Exercise instructions:
Leaving out the pictures, reproduce each record exactly and in full.

Source material:
● ● ● ● ● ● ●
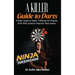 A Killer Guide To Darts: A Manual for Players of All Skill Levels to Improve Their Game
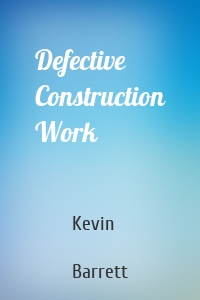 Defective Construction Work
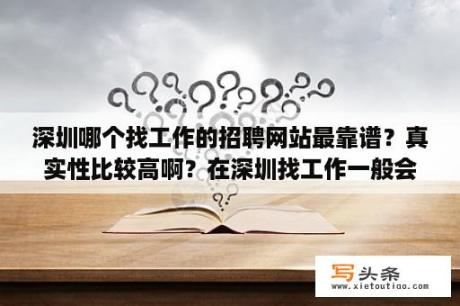 深圳哪个找工作的招聘网站最靠谱？真实性比较高啊？在深圳找工作一般会选择哪个招聘网站比较好？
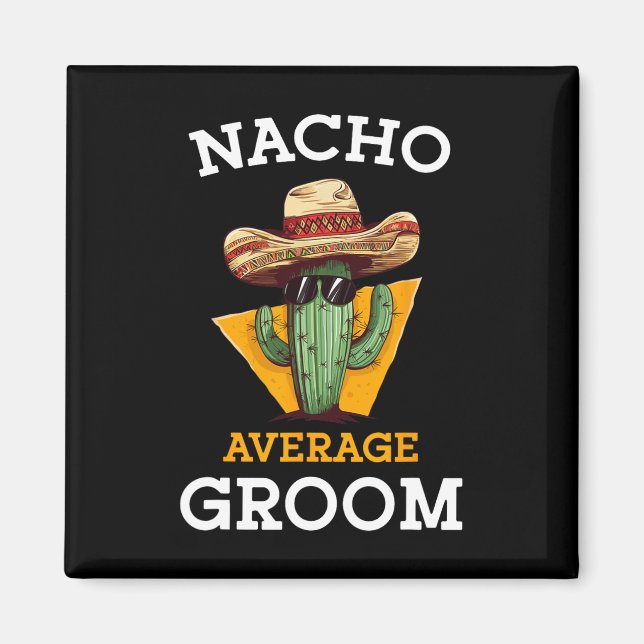 Nacho Average Groom Wedding Fun Future Husband Cin Magnet (Vorne)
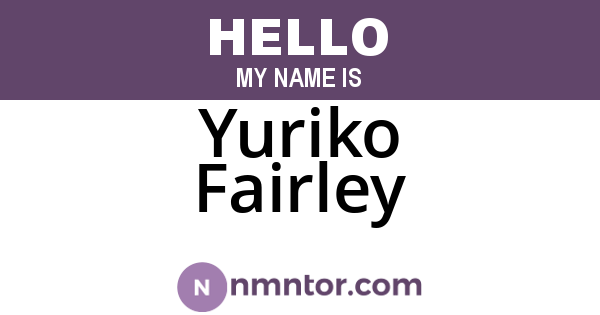 Yuriko Fairley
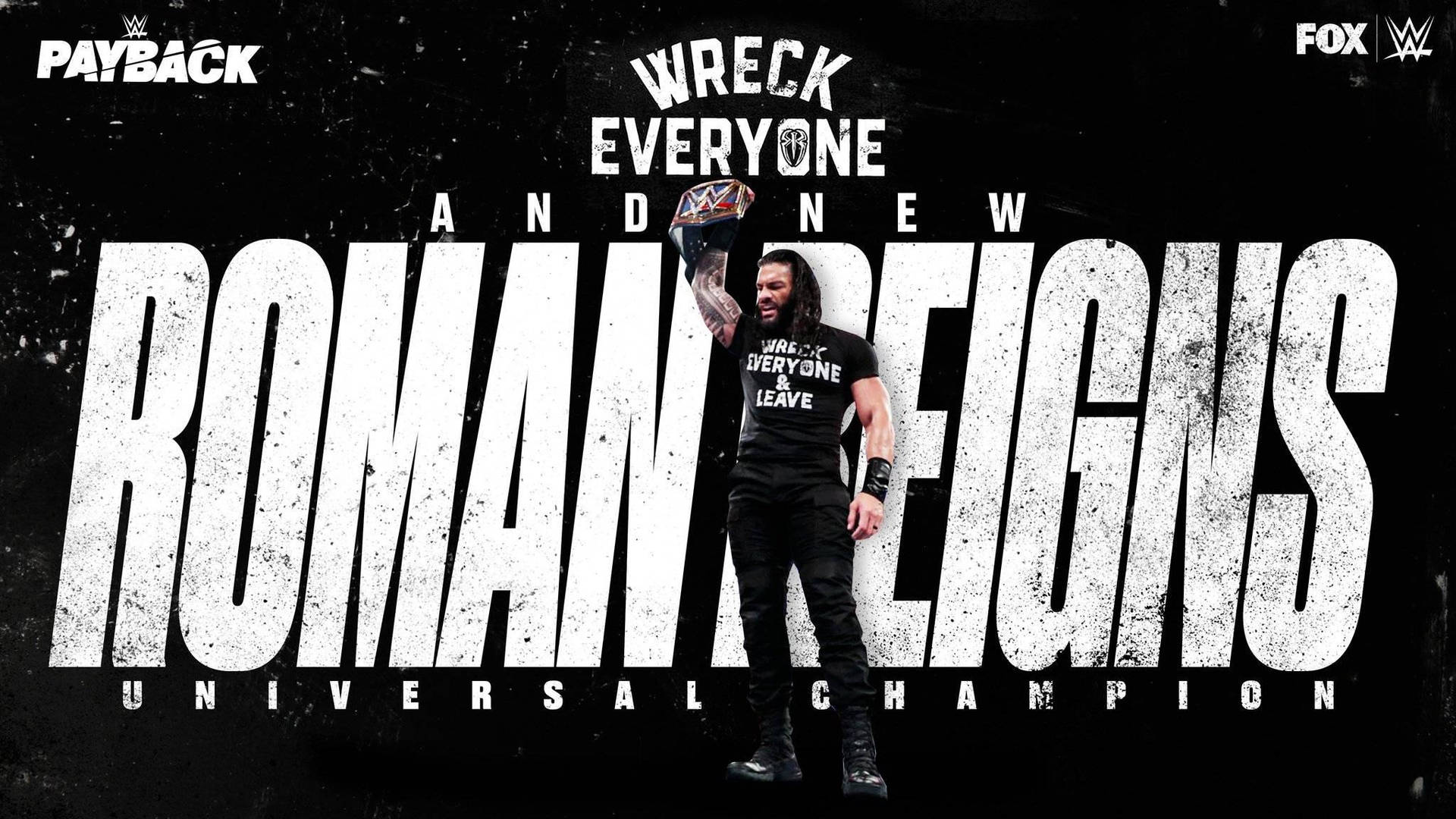 Wreck Everyone Roman Reigns Typography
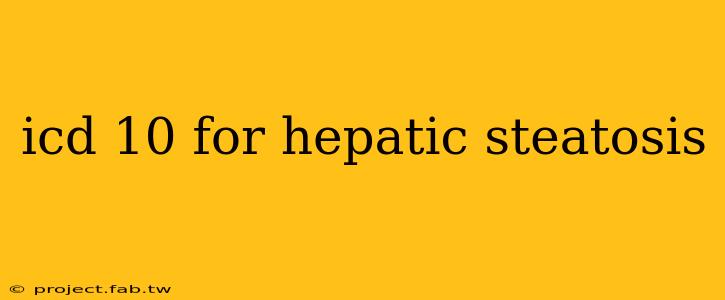 icd 10 for hepatic steatosis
● ● ● ● ● ● ●
Solution to the exercise:
 A Killer Guide To Darts: A Manual for Players of All Skill Levels to Improve Their Game
 Defective Construction Work
 深圳哪个找工作的招聘网站最靠谱？真实性比较高啊？在深圳找工作一般会选择哪个招聘网站比较好？
 Nacho Average Groom Wedding Fun Future Husband Cin Magnet (Vorne)
 Yuriko Fairley
 Wreck Everyone Roman Reigns Typography
 icd 10 for hepatic steatosis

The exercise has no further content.